• _Provided data_:
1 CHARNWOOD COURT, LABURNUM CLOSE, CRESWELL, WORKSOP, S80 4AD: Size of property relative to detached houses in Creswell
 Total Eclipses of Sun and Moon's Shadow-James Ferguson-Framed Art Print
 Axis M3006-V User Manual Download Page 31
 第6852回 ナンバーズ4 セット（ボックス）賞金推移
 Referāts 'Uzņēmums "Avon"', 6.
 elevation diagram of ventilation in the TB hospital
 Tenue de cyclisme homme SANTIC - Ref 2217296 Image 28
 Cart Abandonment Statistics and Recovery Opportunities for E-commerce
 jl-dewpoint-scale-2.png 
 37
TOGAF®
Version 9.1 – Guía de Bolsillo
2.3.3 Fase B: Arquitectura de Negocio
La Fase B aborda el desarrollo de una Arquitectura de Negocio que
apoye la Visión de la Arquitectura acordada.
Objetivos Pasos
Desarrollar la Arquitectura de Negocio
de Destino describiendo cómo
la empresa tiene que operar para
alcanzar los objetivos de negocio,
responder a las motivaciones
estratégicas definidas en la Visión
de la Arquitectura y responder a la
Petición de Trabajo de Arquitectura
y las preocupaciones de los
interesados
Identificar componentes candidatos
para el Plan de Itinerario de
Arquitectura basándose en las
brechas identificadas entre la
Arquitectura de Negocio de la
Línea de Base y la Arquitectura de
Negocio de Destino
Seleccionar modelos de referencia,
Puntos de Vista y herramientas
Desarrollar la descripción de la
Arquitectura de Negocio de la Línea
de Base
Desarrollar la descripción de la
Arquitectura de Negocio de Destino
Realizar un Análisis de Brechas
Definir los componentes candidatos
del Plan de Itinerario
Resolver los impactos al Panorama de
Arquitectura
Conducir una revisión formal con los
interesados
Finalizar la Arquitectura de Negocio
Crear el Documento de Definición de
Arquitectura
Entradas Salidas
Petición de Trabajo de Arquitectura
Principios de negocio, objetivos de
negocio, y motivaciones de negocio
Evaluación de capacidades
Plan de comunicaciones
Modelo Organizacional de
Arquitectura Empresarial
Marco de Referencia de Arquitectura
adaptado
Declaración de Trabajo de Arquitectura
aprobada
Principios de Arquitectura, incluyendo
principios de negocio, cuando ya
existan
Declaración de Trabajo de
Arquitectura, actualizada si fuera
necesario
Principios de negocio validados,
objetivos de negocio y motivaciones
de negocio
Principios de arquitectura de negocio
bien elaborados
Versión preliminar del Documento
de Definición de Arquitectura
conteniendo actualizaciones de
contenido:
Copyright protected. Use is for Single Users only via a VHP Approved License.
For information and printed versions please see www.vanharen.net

• _Problem statement_:
The lines of the records that contain the string "candidatos" should be located and copied.

• _Response box_:
Identificar componentes candidatos
Definir los componentes candidatos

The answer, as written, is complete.